I nodded, letting her talk.
“It placed her last known location near the turn-off for Good Dog Trail. Lexi was an avid hiker, so that made sense,” she said. “We went over it a dozen times with the teams. Dogs, drones, ground crews. But… there was nothing to find.”
“Nothing at all?” I could feel the weight of that. Seven years, and it had started with the women who cared most, leading the search.
“Nothing on that trail, at least.” She shook her head, her lips pressed together. “No tracks, no gear, no sign she’d been there. Because we were looking in the wrong place. At the end of the week Lexi’s phone turned up, waterproof case and all, on the riverbank near the Benham Falls Trailhead.”

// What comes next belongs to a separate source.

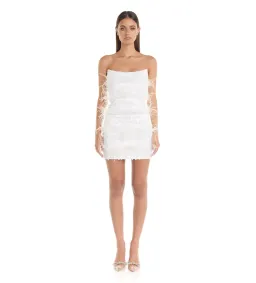 Eliya The Label Tiffany Dress White Size XXL / AU 16 for rent on The Volte - image 1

“And that shifted the search?” I asked.
“Yes,” she said. “Once they found the phone, the teams widened the radius, but by then we had wasted over a week looking in the wrong place. And then they told us there was nothing more they could do.”
The words sat heavy between us.
I had heard my own variation of that sentence more times than I cared to remember and I knew that it never got easier to hear.
Before I could ask anything else, the front door opened and Kenna stepped back inside, her jacket half unzipped, her expression tired but determinedly bright.
“Okay,” she announced, glancing between us and clearly seeing something in the way the two of us were holding ourselves that gave her pause, “we’re getting this party back on track. What did I miss?”
“We were talking about Lexi,” Gracie said.
Kenna’s smile fell, just a touch, but her eyes sharpened. She stepped forward and rested a hand on Gracie’s shoulder, giving it a gentle squeeze.
“There’s a time and a place for Lexi,” she said quietly, “and that time is during her memorial. Tonight is about you. About your divorce. About the fact that you survived it and came out the other side still standing.”
She turned toward me and planted her hands on the bar. “Shots.”
Gracie snorted softly. “Kenna?—”
“Nuh-uh,” she said, standing her ground. “This is happening. Non-negotiable.”
I reached for the bottles, grateful for the excuse to move. As I lined up the glasses, I caught Gracie’s reflection in the mirror behind the bar—the way her shoulders slowly eased, the tension bleeding out of her posture.
But the details she’d shared stayed with me.
Benham Falls Trailhead. Good Dog Trail. A last location ping far north of where the only evidence was found. A hand found even farther south.
And seven years of heartache and unanswered questions sitting heavy between it all.